English dramatist (1794–1881)

Mary Emma Ebsworth (2 September 1794 - 13 October 1881) was an English dramatist.

==Life==
Ebsworth was born in London. Her mother, Mary Bailey, was said to be the "daughter of Joseph Grimaldi's landlady" and she taught her French as she has been educated in a French convent. Her father was the entertainer Robert Fairbrother, member of the Glovers' Company, and in later years a fencing-master. Her father was a friend of Richard Brinsley Sheridan, and though he had lost several thousand pounds by him would never permit one word to be spoken against him. He was also the schoolmate and lifelong friend of Mrs. Jordan; great efforts were made to induce him to surrender her letters, many from the Duke of Clarence; but he refused any bribe, and himself destroyed all his papers, lest his descendants might be tempted.

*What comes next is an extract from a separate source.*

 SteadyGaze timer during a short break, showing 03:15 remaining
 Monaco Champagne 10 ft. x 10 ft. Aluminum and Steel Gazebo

Under the signature of 'Sheridonicus' her father wrote for 'Thalia's Tablet, or Melpomene's Memorandum Book,’ of which the first was published on 8 December 1821. Fairbrother married Mary Bailey. One of their sons, Samuel Glover Fairbrother, became a well-known theatrical publisher; another son, Benjamin Smith Fairbrother, who died on 28 August 1878, aged 76, was prompter, stage manager, and treasurer in succession at the chief theatres in London.

==Work==
French was so habitually spoken and read by Mrs. Fairbrother in the early days of her married life that her daughter, Mary Emma, turned to translating books for the publishers, one of these being a romance of 'Masaniello.' On 22 June 1817 she was married to Joseph Ebsworth, and lived at 3 Gray's Walk, Lambeth, where five of their ten children were born, the eldest being Emilie Marguerite, born in 1818, afterwards wife of Samuel H. Cowell, comedian. Before December 1826 she went to Edinburgh. She was closely associated in dramatic composition and translations with her husband; but several of her independent works were published in John Cumberland's acting drama: 'Payable at Sight; or the Chaste Salute,’ acted at the Surrey Theatre, &c.; 'The Two Brothers of Pisa,’ with music by T. Hughes, at the Royal Coburg, printed 1828; 'Ass's Skin;’ and, among many others, perhaps her best work, often acted, 'The Sculptor of Florence.' She was of a most retiring and unselfish nature, loving a private life with the constant care of her children and of her parents, who joined her in Edinburgh. Mrs. Ebsworth survived her husband thirteen years; all but three of her children died before her.

She returned to London in 1879, and died where she lived at 57 Boyson Road, Walworth, Surrey, aged 87; she was buried on the 19th at West Norwood Cemetery.